Part of the American History & Genealogy Project

Mrs. A. Leo Knott

 

Mrs. Knott is among the earliest members of the Society of the Daughters of the American Revolution, being at the time of its formation, a resident of Washington. She was elected a member of the society on June 19, 1891, having previously attended several preliminary meetings of the society at the residence of Mrs. Cabell.

On the 9th of May of the same year she was elected one of the vice-presidents-general. Mrs. Knott claims membership in the society on account of the Revolutionary services rendered by Captain John Phelan, through her mother Mary J. Kienan, nee Mary J. Phelan. Captain Phelan joined the American army at Boston in 1776. He survived the war, being promoted to the rank of captain for gallant services performed during the war and was with the army until it disbanded at Newburg in October, 1783.

After the war Captain Phelan engaged in mercantile business in New York. He made a trip to Rio Janeiro in connection with his business. On his return he was shipwrecked, losing the vessel and cargo in which most of his fortune was invested. He removed to Baltimore and established a classical and mathematical school which enjoyed a wide reputation for many years. He died in Baltimore in 1827.

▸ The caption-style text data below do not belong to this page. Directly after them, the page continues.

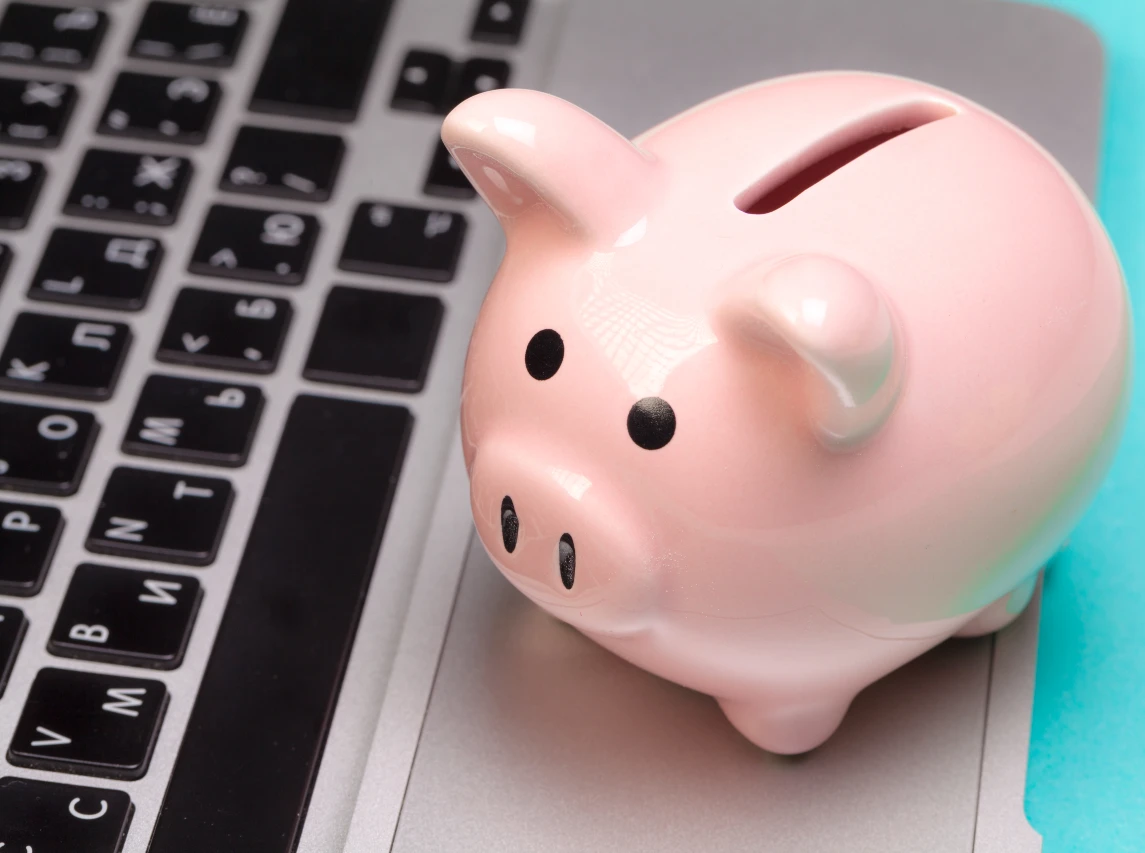 Professionele webshop kosten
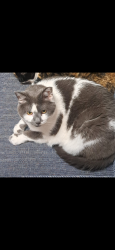 Lost Male Cat last seen Belfast owensville , Batavia, OH 45103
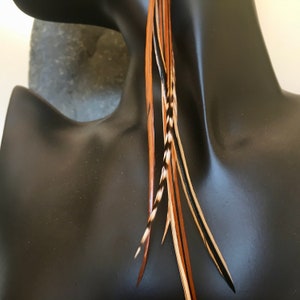 Long Feather Earrings: Warm Natural Colors, Hypoallergenic Steel Hooks
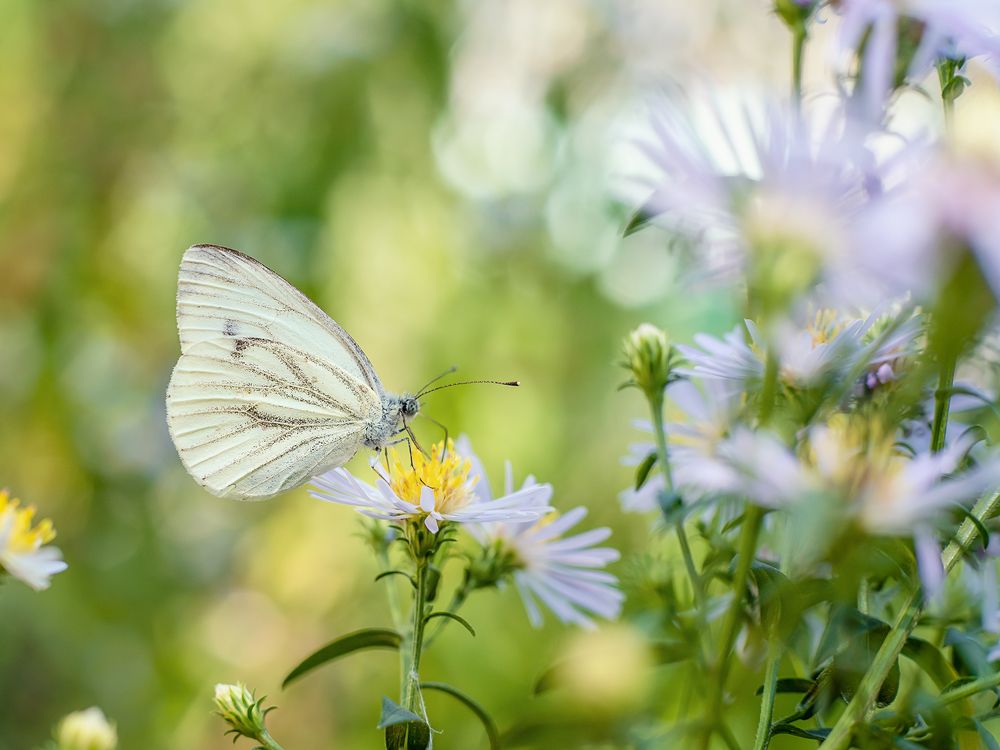 Photograph by Олег Милеев (Каминцев)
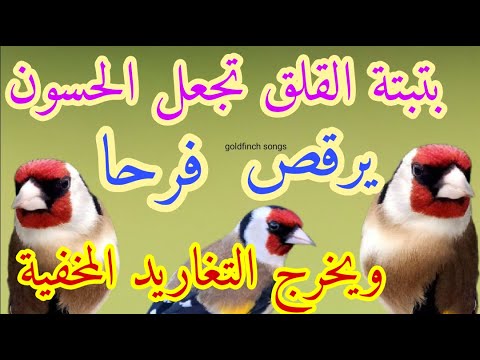 بتبتة خلوية تقلق الحسون وتجعله يخرج كل التغاريد المخفية بتبتة طبيعية لتحفيز الحسون على التغريد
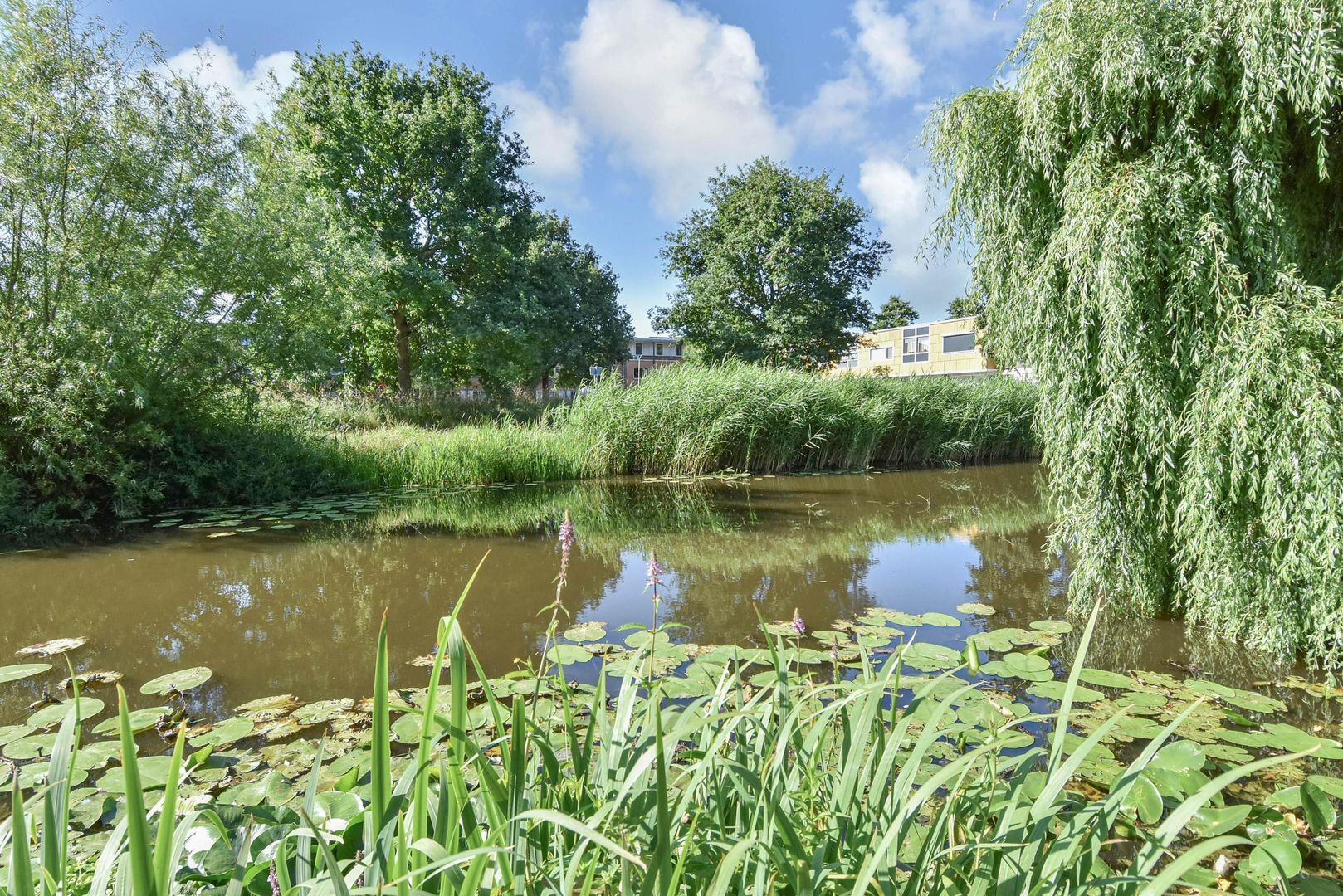 Wielengahof 24, Delft foto-21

Mrs. Knott took an active part in the work of the early building up of the Daughters of the American Revolution. On the retirement of Mrs. Flora Adams Darling from the position which she filled of vice-president-general in charge of the organization of chapters, Mrs. Knott, together with Mrs. John W. Foster and Mrs. H. V. Boynton was appointed by the national board to take charge of that work.

In 1891 Mrs. Knott, on her removal to Baltimore, was requested by the national board to accept the position of state regent of Maryland and to undertake the work of establishing chapters in that state. In accordance with that request Mrs. Knotty in 1892, sent out invitations to ladies in Baltimore whom she knew were eligible to membership in the National Society and on March 4th, the Baltimore Chapter was formed at her house. Mrs. Knott appointed Miss Alice Key Blunt regent of the chapter.

In 1894 Mrs. Knott resigned the office of state regent of Maryland, and at the succeeding congress was elected one of the honorary vice-presidents-general for life. In 1889, at the urgent request of many of the members of the chapter, Mrs. Knott was elected to the office of regent of the Baltimore Chapter, which has done good work under her regency and has taken a lively interest in the construction of Continental Hall.